The article on the website was about the return of U.S Air Force Capt. Lorenza Conner, a pilot killed when he was shot down in Vietnam, in 1967. According to the article, his remains were discovered and identified last year. Apparently Capt Conner is a Georgia native and his remains were returning home for burial. One of our pilots, a Vietnam vet himself, piloted the last leg home from Honolulu. One of the Guard Riders was quoted, “I am doing this in part as a XXXXX employee, but I ride escort as a Ride Captain with the Patriot Guard Riders, escorting fallen soldiers home during funeral services.” Some of these volunteers use their free time to ride along with the remains to their final destination, all the way to burial.
I must throw in a thumbs up for the countless flight attendants who go out of their way to thank every service member in uniform as they exit the aircraft upon arrival. I listen to boarding announcements where along with the normal words, a statement is made to the cabin that there are military members on board today and that their service is appreciated.

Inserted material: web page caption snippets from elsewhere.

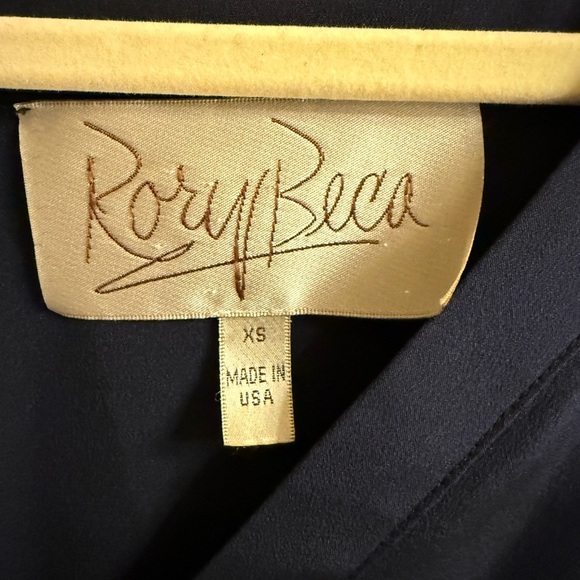 Rory Beca silk shift dress size XS Navy Blue EUC - Picture 4 of 4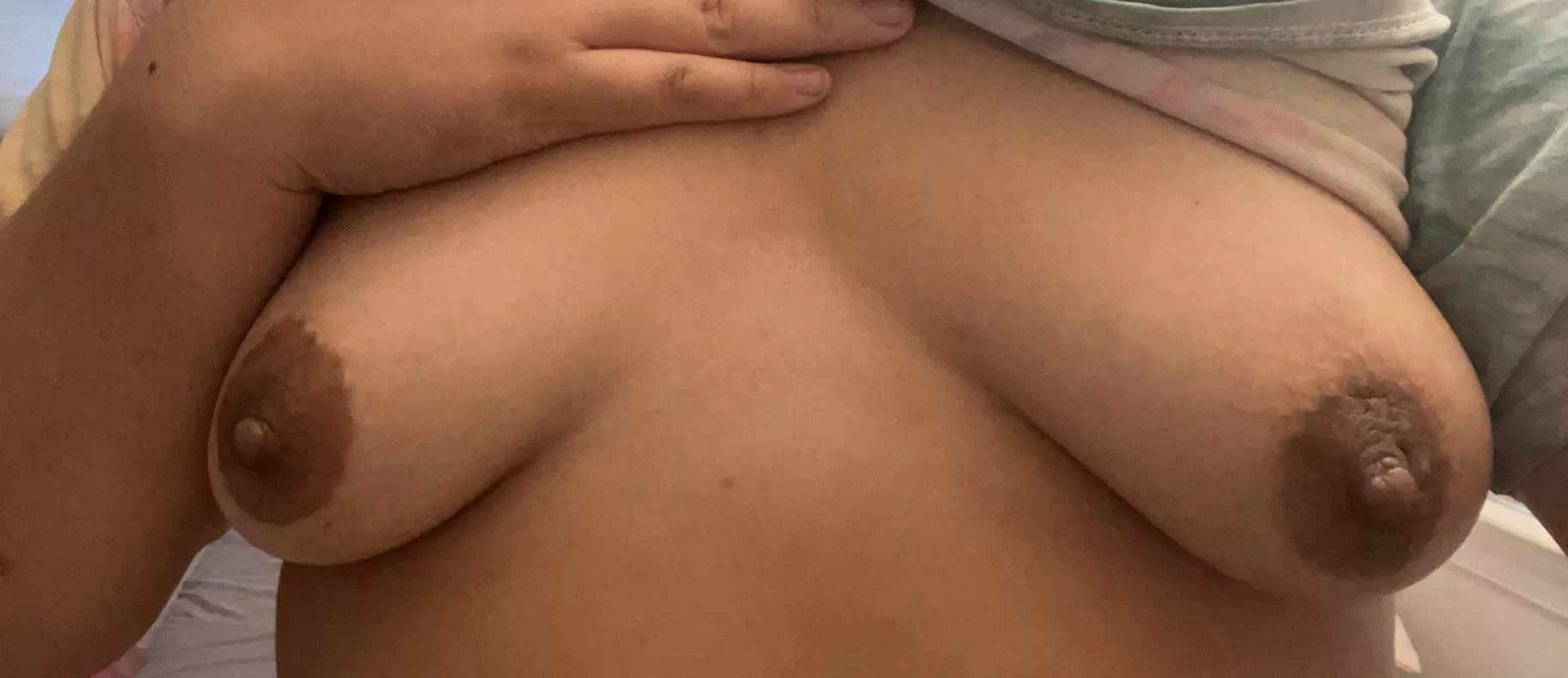 will daddy come suck on my nipples?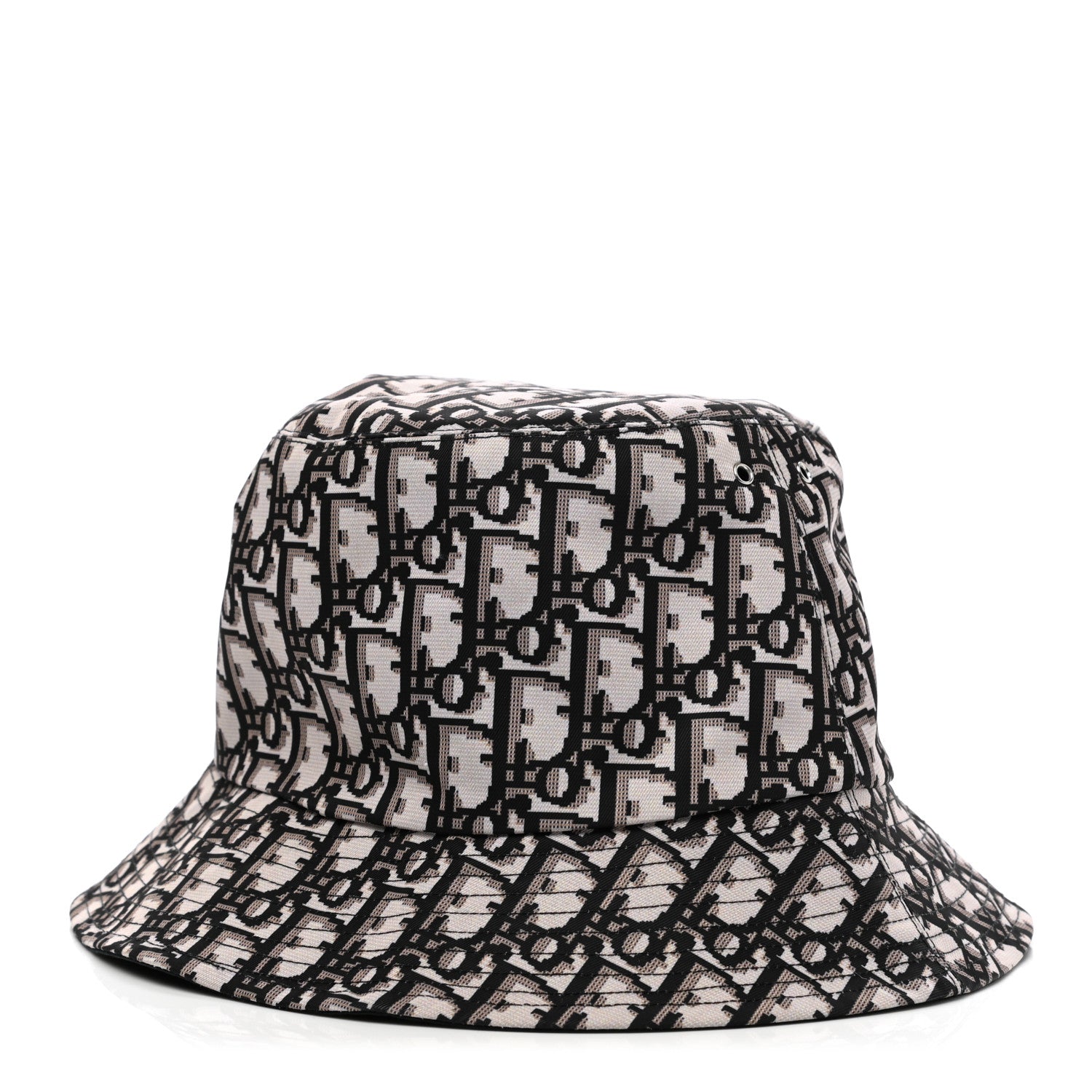 Christian Dior Oblique Reversible Teddy-D Brim Bucket Hat 58 Black 1 of 7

Back to the family and their journey home with their son, husband and father. The team escorted the family to the cargo hold. After thanking the rest of the passengers, I proceeded to the pilot lounge as I had a couple of hours to go before my next flight. The lounge is a large area with computers, lockers, tables, chairs, etc. There normally is a lot of traffic there. I saw a friend of mine who was in my original training class twenty years ago. I have always liked Dave, he and I have bantered back and forth for years.
You see, Dave was a fighter pilot and I flew the heavy cargo planes. Dave was a dashing young fighter pilot in the day, crazy as they come and damn good at what he did. He taught fighter pilots, how to teach fighter pilots. His weapon of choice was the F-16. I flew cargo all over the world; doing some things I will never be able to tell you. My weapon of choice was a small Swiss army knife. It could open a can of beefaroni or a bottle of beer. My mission was to constantly seek the ultimate beaches, rivers, ice fields, and other naturally spectacular places, wherever I went.

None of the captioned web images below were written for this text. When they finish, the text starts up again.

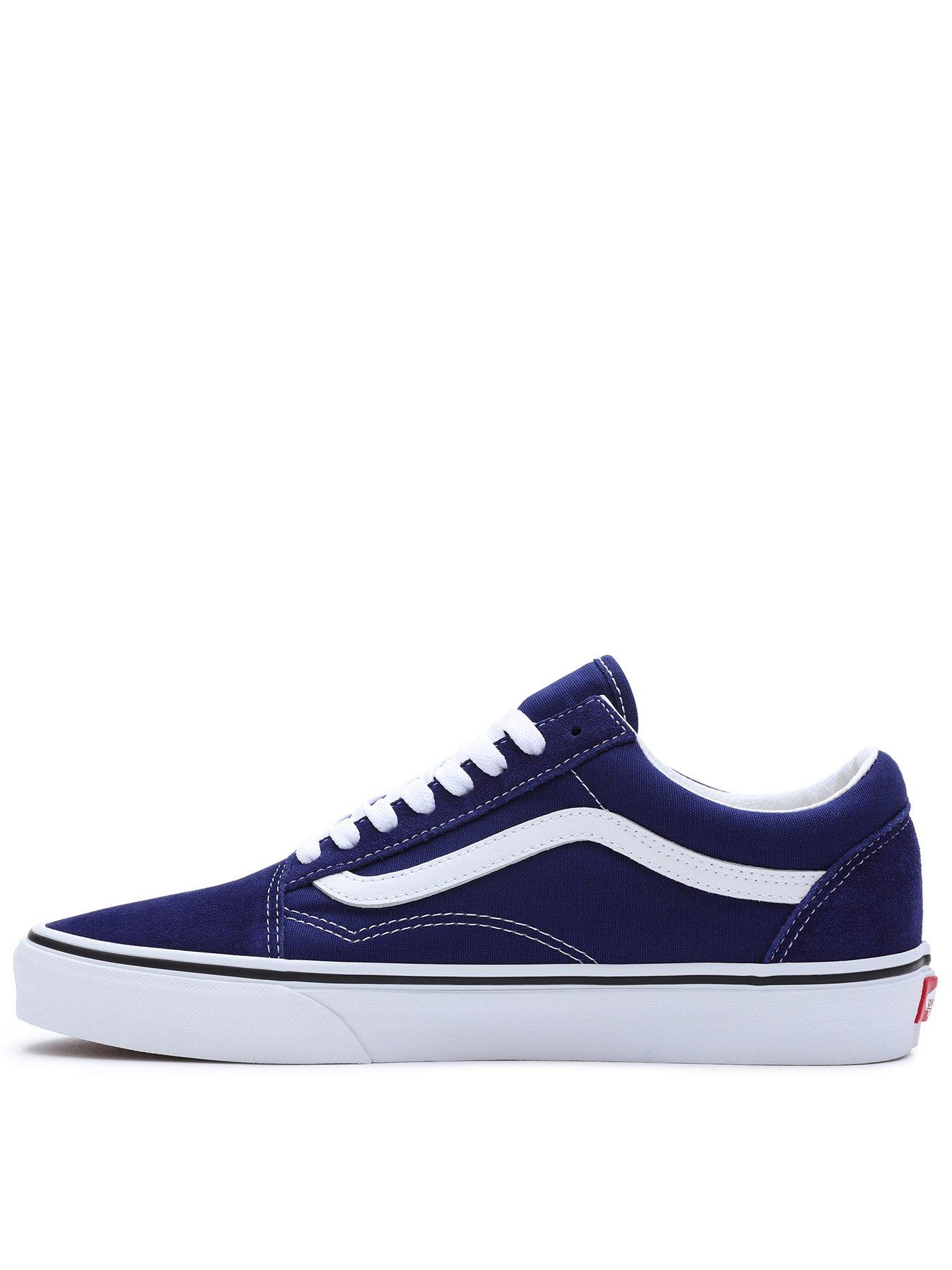 Blue vans trainers shop
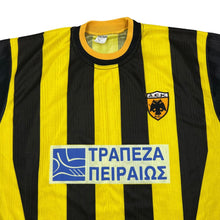 Load image into Gallery viewer, Early 00's AEK ATHENS "Nikolaidis #11" Greek Football Home Shirt Kit Jersey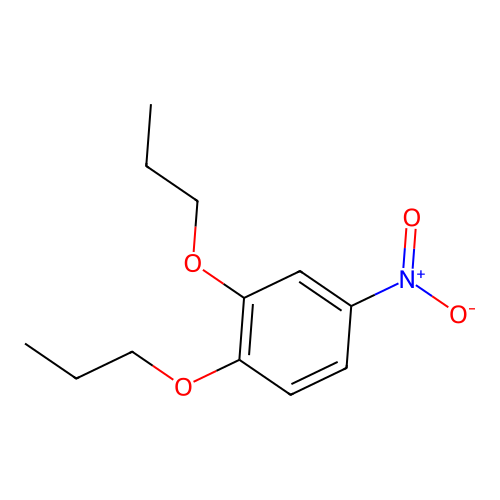 4-Nitro-1,2-dipropoxybenzene structure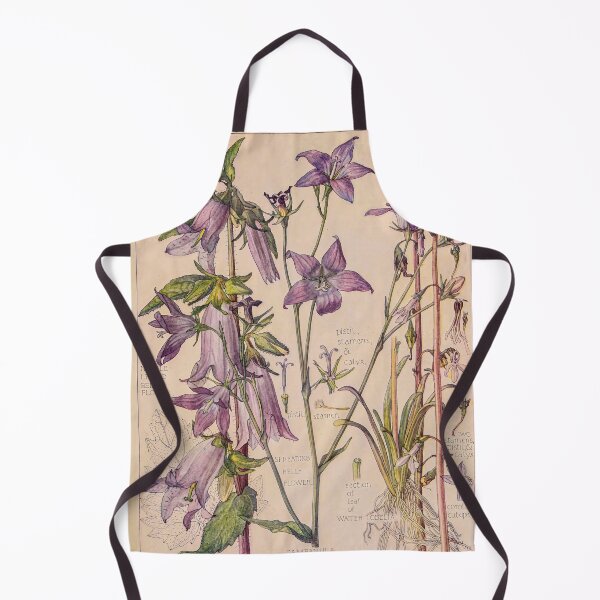 Item preview, Vintage Bell-Flower Botanical Plate (Campanula Study Collection) designed and sold by Very Peculiar.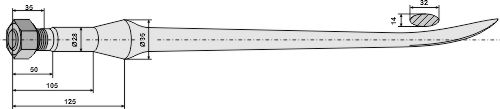 Löffelzinken 1100mm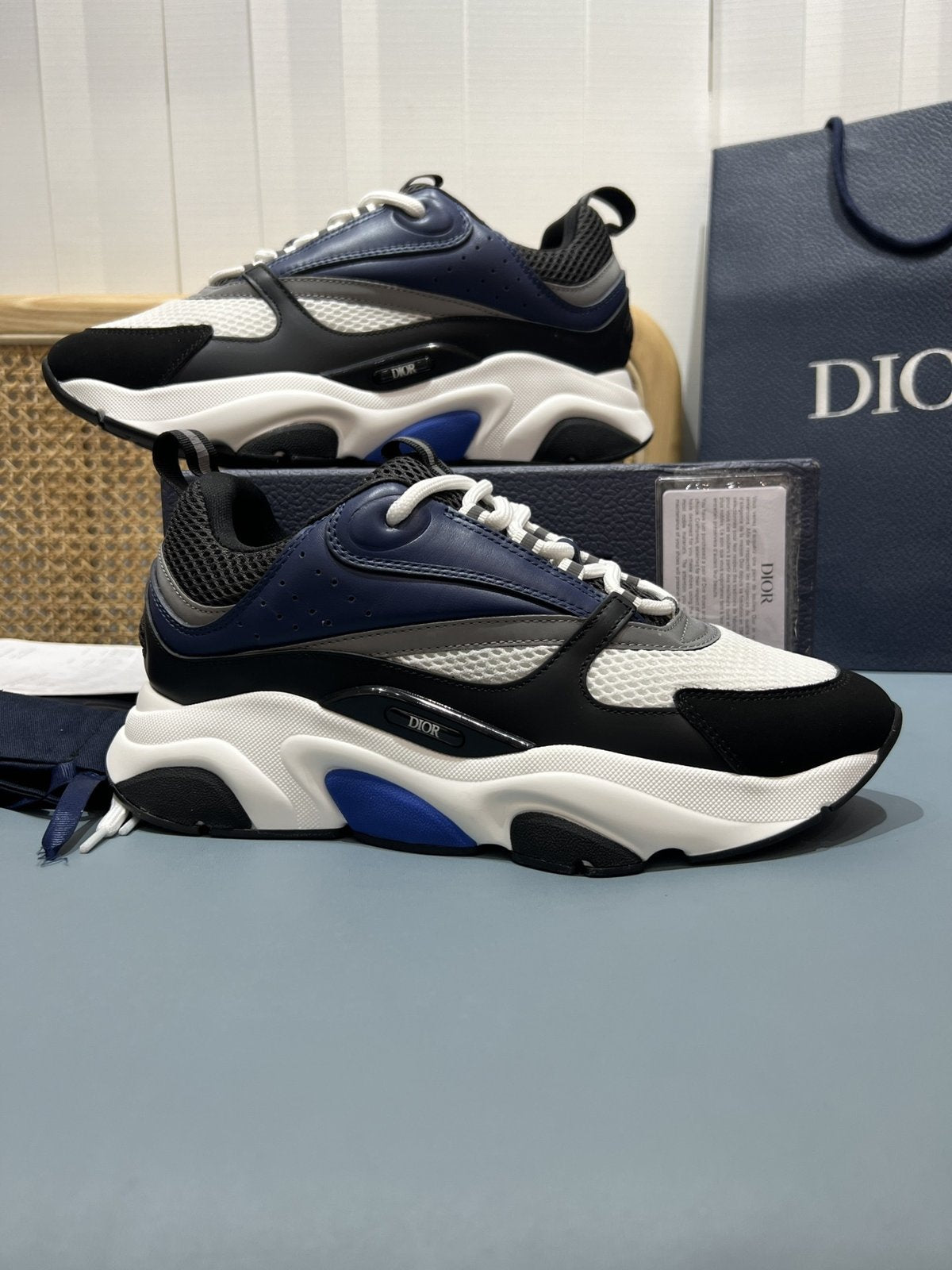 Sneakers B22 'Bleu Marine Noir Blanc' — vue 5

Although Dave was an Air Force pilot, he managed to learn to swear like a sailor. Dave is now in his fifties and I can attest to the simple fact that he has officially made the transition to being a loud and crusty old fighter pilot. I had not seen him in a while so I walked up and pinched his left nipple as hard as I could. “Jesus, you dumb bastard, let me kick you in the nuts!”, he said, while not one other pilot bothered to look our way. “Hey, I was just making sure you were still alive. That stupid ass grin you keep on that pasty white sheet, you call a face, makes you look like a mannequin”, I said. And so it goes for a few minutes. We finally settle down and catch up on life, his in Florida, mine in California. I asked him if he had time to get a bite to eat. He said, “Yeah, I don’t sign in for a few hours, I work a flight to Norfolk at 4:30.”

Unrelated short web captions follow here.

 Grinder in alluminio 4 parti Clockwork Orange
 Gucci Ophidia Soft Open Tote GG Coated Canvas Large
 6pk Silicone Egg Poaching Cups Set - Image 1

“Norfolk!” I said. “Is it flight XXXX?” I said. Dave was flying the soldier home on his last leg. I proceeded to tell Dave what had happened on my flight. At one point, Dave flushed crimson red, and then tears welled up in his eyes. “Fuck, I cry like a god damn baby every time I hear stories like that”, he said. “Well listen up soldier, you have the honor of taking him home and I have a mission for you”, I said. We talked a bit longer and I had to leave. Dave knew the family was going to be escorted back down to the cargo hold to watch the soldiers’ remains be put aboard his aircraft. Dave was planning on getting to the gate early to introduce himself to the family and escort. He wanted to be standing with them outside, if the family wanted that. That crusty ass fighter pilot was on a mission and nothing was going to stop him from doing anything and everything he could for that family. They could not have been in better hands.
I have not seen Dave since that day. Somewhere down the road we will catch up with each other and I will ask him how the rest of that day went. In the mean time, the honor, respect, and dignity that our fallen soldiers deserve, will continue 24/7 at my company. I am sure other airlines have good people doing the same type of thing. As of Saturday, October 25th, the U.S. deaths in Iraq totaled 4,187. The U.S. deaths in Afghanistan totaled 549. Spc Deon L. Taylor, 30, Bronx, N.Y., Cpl Adrian Robles, 21, Scottsbluff, Neb. and Lance Cpl San Sim, 23, Santa Ana, Ca, who died this week in service to their country, deserve nothing less.